そのニュースを見て、さっそく旧知の仲である株式会社タレントアンドアセスメントの社長・山﨑俊明さんに連絡を取り、話を聞きに行きました。同社のAI面接サービスは日立キャピタル株式会社、株式会社吉野家などの大手企業に導入され、静岡県・浜松市もUIJターン就職の促進に活用されるなど、AI面接領域のトップランナーといえる会社です。また三菱UFJキャピタル株式会社、日本ベンチャーキャピタル株式会社、ニッセイ・キャピタル株式会社などからも多額の出資を受けていることから、AI面接はこれから産業として大きく育っていくサービスとして期待されているといえるでしょう。
それでも現時点では、選考結果に残った川柳にある通り、世の中的には「AIはまだまだ」という認識を持つ人が多いように思います。私が翻訳や文字起こしなどの実務で使っている実体験からも、「すこぶる便利だけれど、どこか大事なところが欠けている」印象があります。そんな状況で、なぜ面接にAIを活用するのでしょうか。
採用活動の問題点
「AI面接は採用担当者の負担を減らせるだけでなく、人間が行う面接よりも精度の高いデータが収集でき、応募者の資質を見抜くことができるはずだ」という仮説に基づいてAI面接のシステムを開発したと山﨑さんは言います。
一般的な採用面接には、いくつかの問題点があります。一つは、企業側のマンパワーの制約により一人ひとりに時間をかけられないという点です。

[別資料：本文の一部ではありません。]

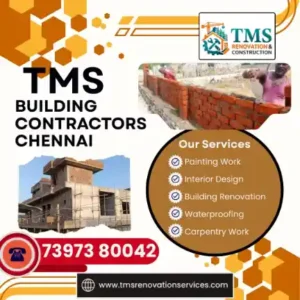 Best Renovation Contractors in Koyambedu, Chennai – TMS Construction & Renovation Services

企業の採用活動は、就職情報誌という紙媒体から2000年頃を境にインターネットの就活サイトに移行しました。その結果一人の学生が多数の企業にエントリーできることになり、その分、採用担当者の作業負担が増加。人気企業であればあるほどエントリーする学生の数は膨大ですが、採用活動にかけられるマンパワーや時間には限りがあります。なるべく多くの学生を面接しようとすればするほど、学生一人あたりの面接時間は短くなり、本来は応募者の資質を見抜くためのものであるはずの面接が、その目的を果たせずに終わることも少なくありません。